▶ **Exercise instructions**
Your task is to print all of the data below exactly, with no pictures included.

▶ **Recorded data**
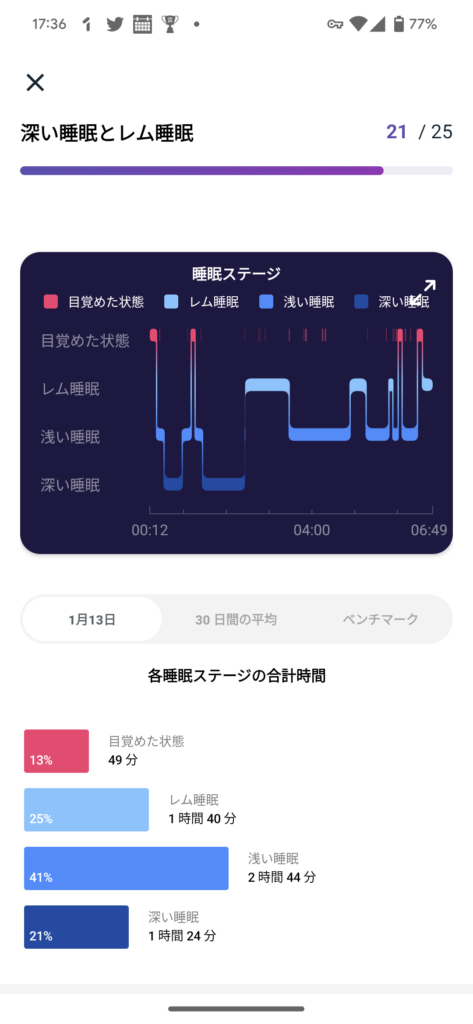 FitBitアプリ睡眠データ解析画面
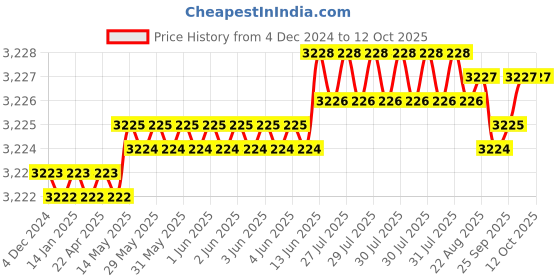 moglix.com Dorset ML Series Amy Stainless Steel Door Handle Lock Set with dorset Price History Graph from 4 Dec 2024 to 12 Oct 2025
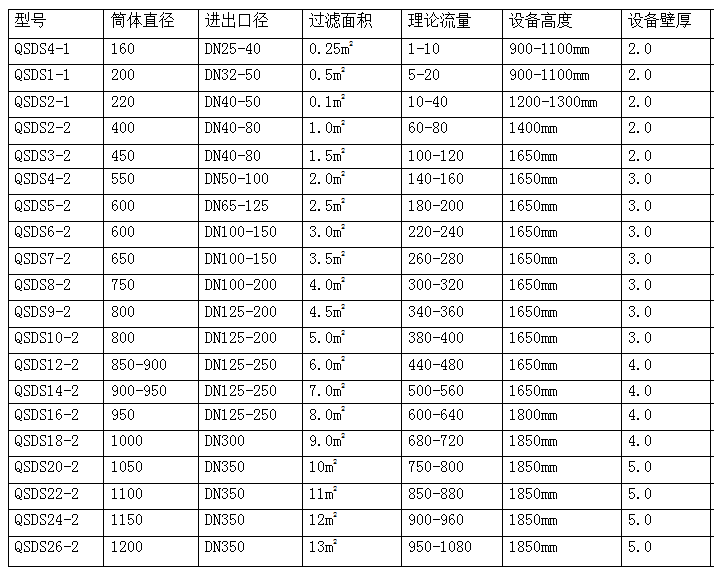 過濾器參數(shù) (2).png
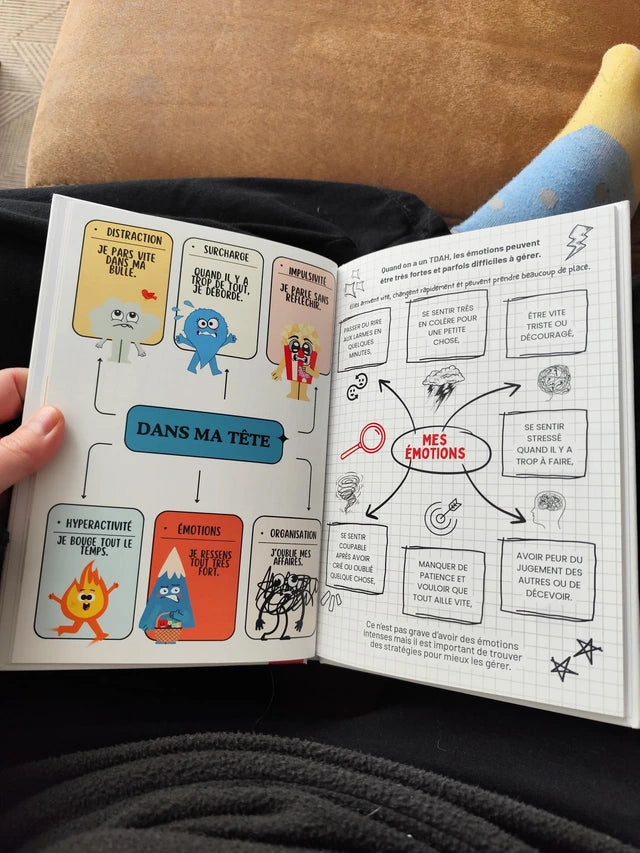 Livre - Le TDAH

▶ **Reply to the task**
 FitBitアプリ睡眠データ解析画面
 moglix.com Dorset ML Series Amy Stainless Steel Door Handle Lock Set with dorset Price History Graph from 4 Dec 2024 to 12 Oct 2025
 過濾器參數(shù) (2).png
 Livre - Le TDAH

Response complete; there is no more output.